REALSET - Editorial

shangjingbo · December 16, 2013, 6:56pm

PROBLEM LINK:

Practice
Contest

Author: Iaroslav Tverdokhlib
Tester: Mahbub
Editorialist: Jingbo Shang

DIFFICULTY:

Hard

PREREQUISITES:

Circulant Matrix

PROBLEM:

Given a Circulant Matrix, determine whether it is full rank (i.e. non-zero determinant, or the null space is trivial).

EXPLANATION:

First of all, we need to know the matrix stated in the problem is a very special type of matrix called Circulant Matrix. There are a lot of properties about the determinant and rank of Circulant Matrix can be found in Wikipedia.

Let’s summarize the properties looks relevant to this problem:

alt text

where, f(x) = A₀ + A₁ * x + A₂ * x^2 + … A_n * x^n.

To avoid the precision problems, we can choose some prime and one of its primitive root instead of the root of unity (it may have chances (really rare, but exists) to fail, but we can choose some different primes to check, e.g. 3 different primes). Also, it will better to try Number Theoretic Transform instead of double-valued FFT in the following steps.

One straight-forward way is to calculate the determinant directly (of course, using FFT or NTT, both setter and tester solved the problem in this way). But a lot of contestants failed due to the precision problem when checking whether a double value is non-zero.

Another way is the check whether “d = 0” i.e. gcd(x^n - 1, f(x)) is some constant. Here we take the later one to solve this problem. Another related knowledge is about Cyclotomic Polynomial.

With this property, we know that x^n-1 can be factorized into some cyclotomic polynomials Phi_d(x) for every divisor d of n. Actually, for all n between 1 and 30000, the number of divisors, denoted as D, is at most 96 (when n = 27720). Therefore, we can enumerate all possible divisors d and check the cyclotomic polynomial Phi_d(x) can divide f(x).

Then, the only thing we need to do is the polynomial remainder operation. If we adopt brute-force to do this, it will take O((N-d) * d) time. Directly applying this method (with some breaks) may get TLE. But there is a interesting view to combine this method with the double-valued FFT (like this method can work well when N is a prime). This solution accepted with a further check using this method.
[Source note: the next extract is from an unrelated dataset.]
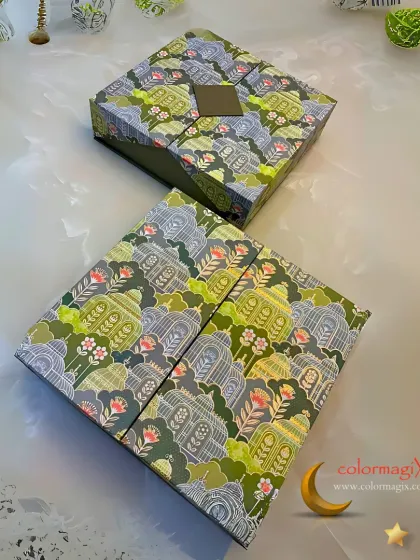 Our Eid special dates boxes are designed with elegance. The unique folding box features a beautiful mosque-inspired print in shades of green and grey, making it a sophisticated gift.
The fastest and easiest solution (explanation provided by Anton Lunyov)

Let’s understand how the fastest and shortest solution to this problem works.
As pointed above we need to check that our polynomial is divisible by Phi_d(x) for some divisor d of n. Instead of direct calculation of Phi_d(x) we can do the following trick. Let d has prime divisors p1, …, pk. Now the crucial observation is the following:

Some polynomial P(x) is divisible by Phi_d(x) if and only if P(x) * (x^d/p1 - 1) * … * (x^d/pk - 1) is divisible by x^d - 1.

It follows from explicit formula for cyclotomic polynomial (see second formula there). Indeed the rational function
(x^d/p1 - 1) * … * (x^d/pk - 1) / x^d - 1
equals to Q_d(x) / Phi_d(x) for some polynomial Q_d(x) that is coprime to Phi_d(x) which yields the result.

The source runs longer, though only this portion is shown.